The Certificate of Completion (CoC) is a 2-page PDF generated automatically when every required signer completes a document. It travels alongside the signed document as a separate attachment in the completion email and is downloadable from the document detail page at any time.
What's in it
Page 1 — Summary
- Document details: title (English + Arabic), Envelope ID (the industry-standard term for the document's unique identifier), creation + completion timestamps
- QR code linking to the public verify URL
- Audit trail: rich timeline of every meaningful event — invitation sent, email link clicked, document viewed, OTP sent, OTP verified, document signed, completion. Each row carries the actor name + email, IP address, user agent (for the initiating step), and authentication method
- Signers summary: compact list of who signed when, with signature level (SES)
- Document integrity: SHA-256 hashes (original and signed), audit chain validity, total event count, RFC 3161 timestamp from a trusted TSA, PKCS#7 seal confirmation
- Certified seal (green, bottom-right): rendered when audit chain validates; suppressed entirely when chain is invalid
Page 2 — Per-signer forensic detail
For each signer:
- Email verification status (Verified via OTP)
- Signature level
- IP address used at signing
- Time zone reported by the signer's browser
- Internal session ID (truncated for readability)
- Signed-at timestamp
- Full user agent string
- Every captured field value (inline signature image, full name, date, checkbox state, etc.)
- Typed signatures render in the same script font the signing UI uses, so the cert visually matches what the signer saw
Why it matters
The CoC is the document you produce when someone challenges a signature.
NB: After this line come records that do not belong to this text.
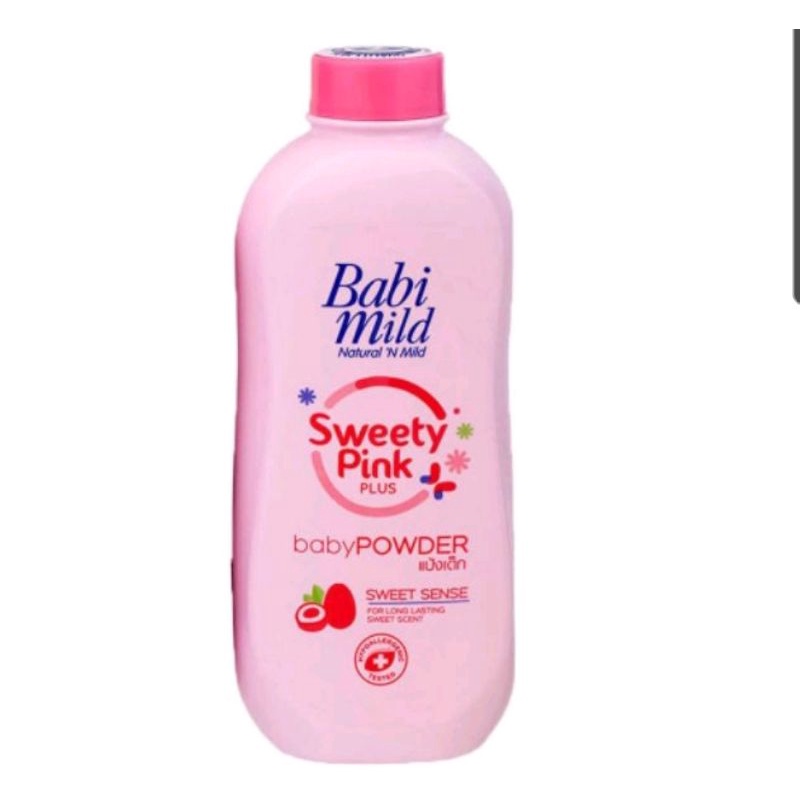 Babi Mild Baby Powder แป้งเด็ก เบบี้มายด์ อ่อนโยน สำหรับเด็ก และผู้ที่ผิวแพ้ง่าย 2 สี ขนาด 350 ส่งเร็ว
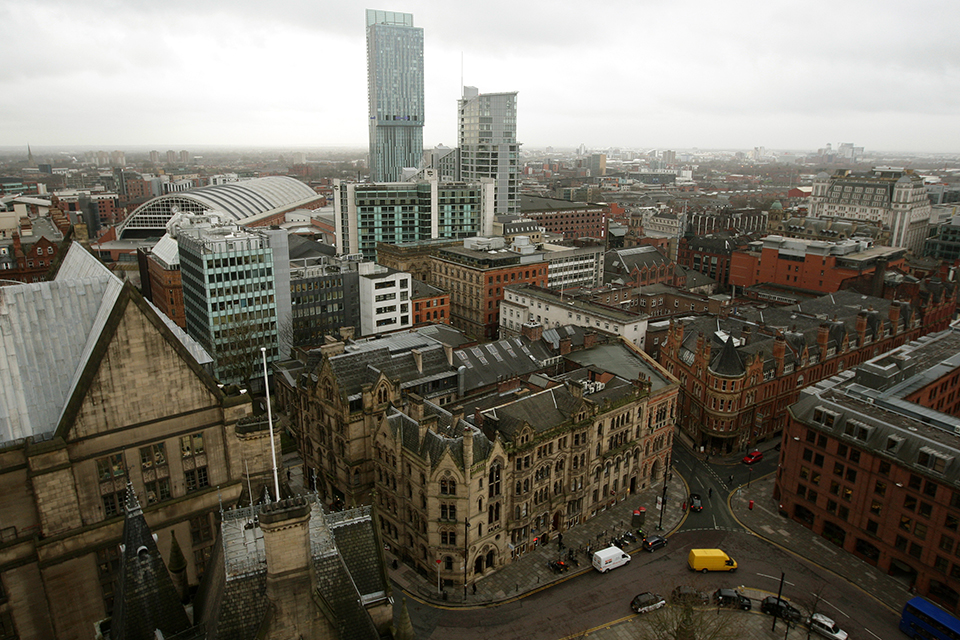 Manchester skyline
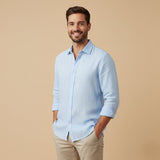 The Carlisle Men’s Breathable Relaxed Fit Cotton Linen Shirt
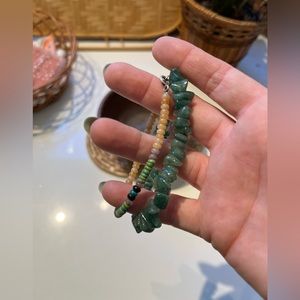 S/2 stone and gem bracelets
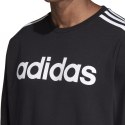 Bluza męska adidas Essentials 3S Crew FL czarna DQ3084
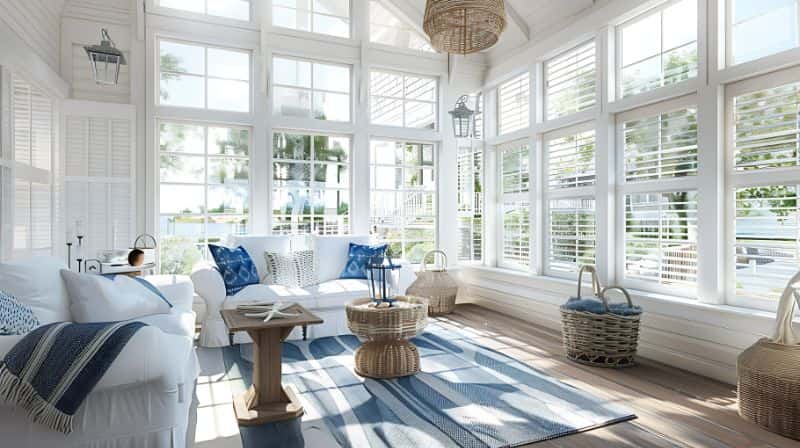 A sunroom addition for more livable space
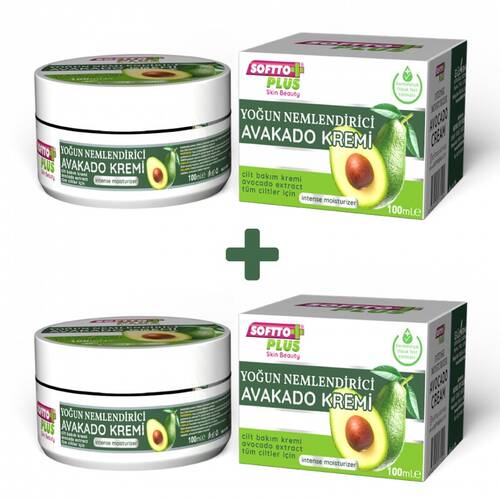 SOFTTO PLUS 2-PACK INTENSIVE MOISTURIZING AVACADO CREAM - 1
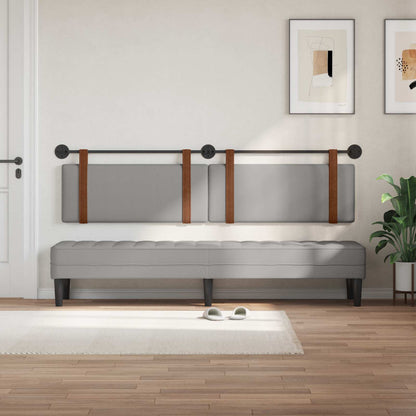 Hangend Hoofdeinde Effen Wolkengrijs 210 x 55 x 5 cm Antiek PU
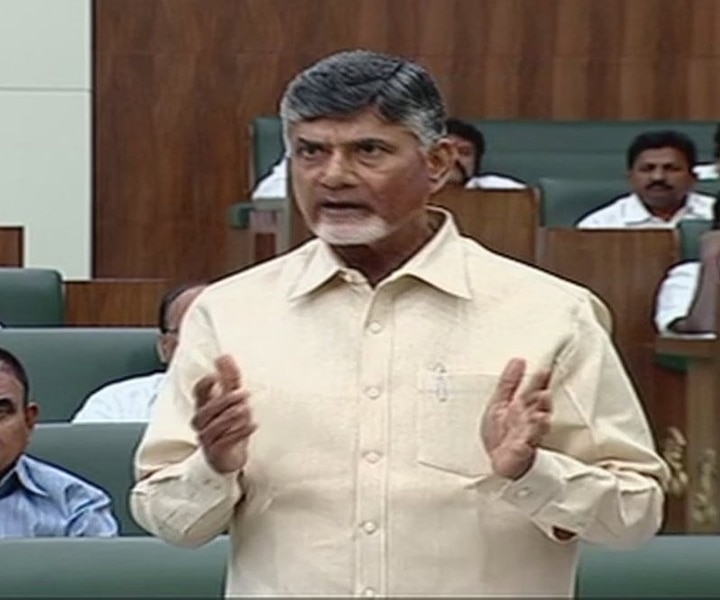 Chandrababu Naidu on day-long fast to protest injustice to Andhra Chandrababu Naidu on day-long fast to protest injustice to Andhra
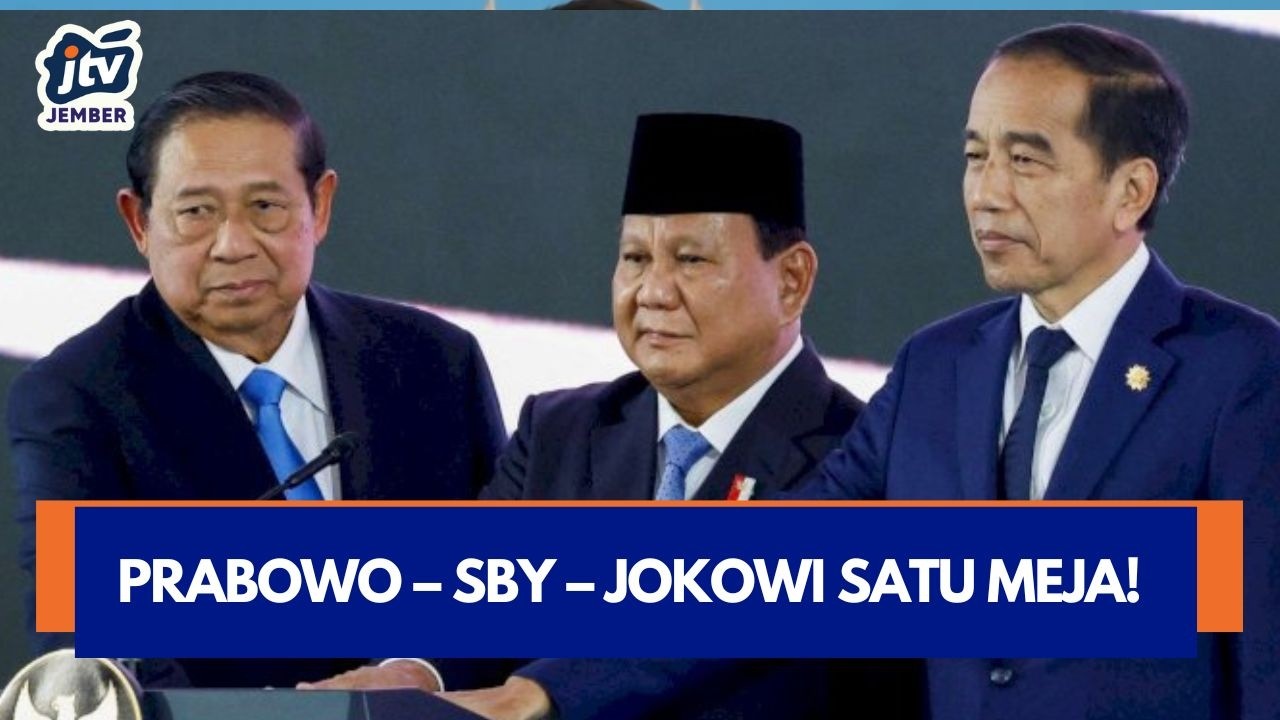 [LIVE] Momen Langka! Prabowo Kumpul Bareng SBY dan Jokowi di Istana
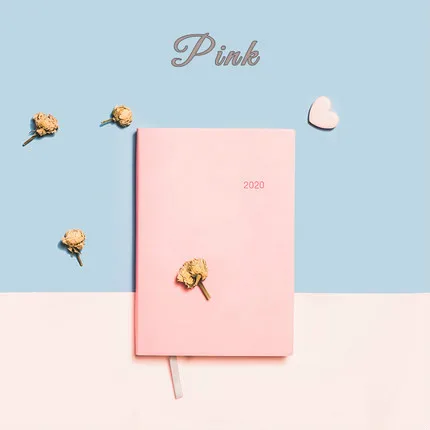Pink Корейская программа планировщик блокнот-органайзер ежедневник еженедельник блокнот для планирования милая розовая девушка дневник записная книжка s дневники - Цвет: Pink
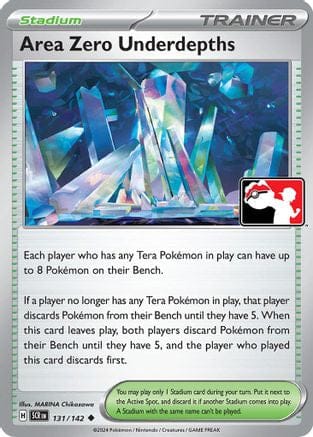 'Pokemon - 'Area Zero Underdepths 131/142  - Holofoil Prize Pack Series Cards - Uncommon
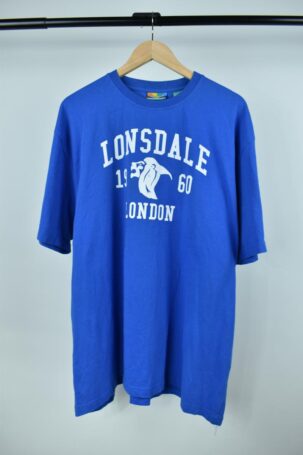 Vintage Lonsdale Loves All Colours T-Shirt σε Μπλε No 3XL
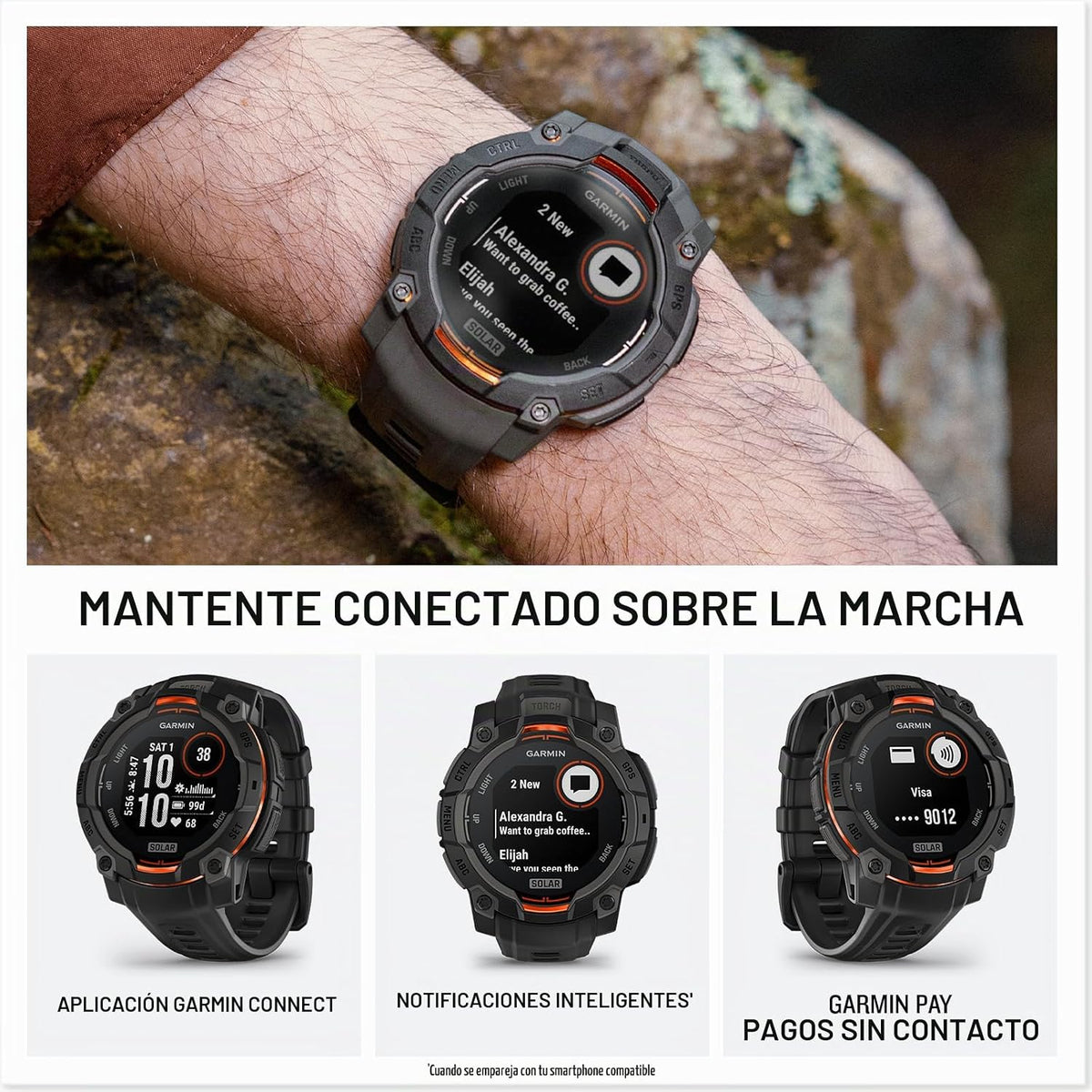 Garmin Instinct 3 - 45mm SOLAR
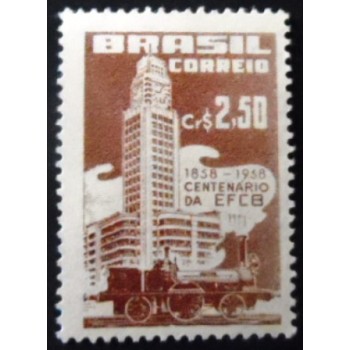Selo postal do Brasil de 1958 Central do Brasil N
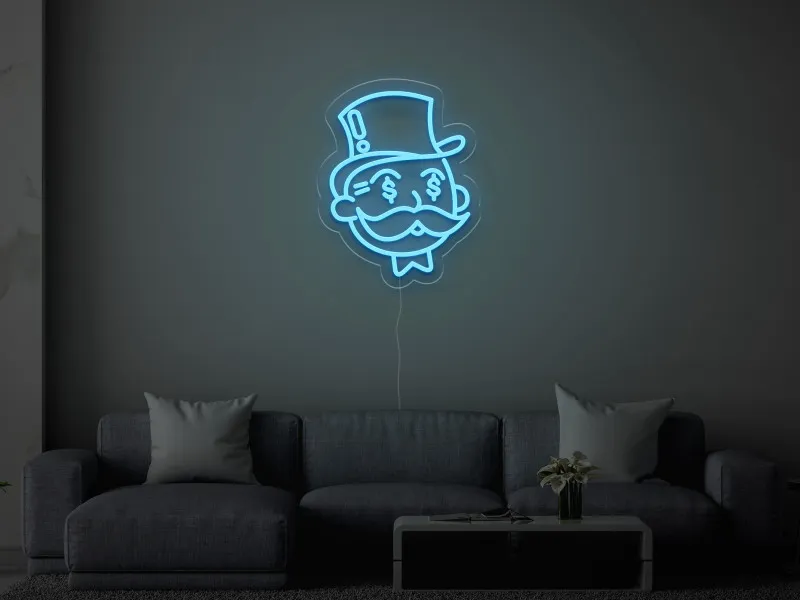 Monopoly - Insegna Neon LED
It's designed to answer every forensic question a court / arbitrator / regulator asks:
- "Did the signer agree to use electronic signatures?" — Audit trail shows
disclosure_agreedevent with the disclosure version they accepted - "Did they receive the email?" — Audit trail shows
document_sent - "Did they click the link in the email?" —
email_link_clickedevent with timestamp + IP - "Did they read the document?" —
document_viewedevent - "Did they verify their identity?" —
otp_sentandotp_verifiedevents with the method used - "What did they actually sign?" — Captured field values + signed PDF hash that the verify URL can re-validate
Verifying after the fact
Every CoC carries the verify URL at the bottom — both human-readable and as a QR code. Anyone with the URL can open /verify/{document-id} on SahlSign and see the document's current state + audit chain validity. The verify page is public (no auth required) so external counsel or auditors can independently confirm the chain.
What if the cert is invalid?
If the audit chain ever returns INVALID, the Certified seal is suppressed from the CoC entirely. We don't slap "Certified" on a tampered document — the absence of the seal IS the signal. The verify page also surfaces the invalidity loudly.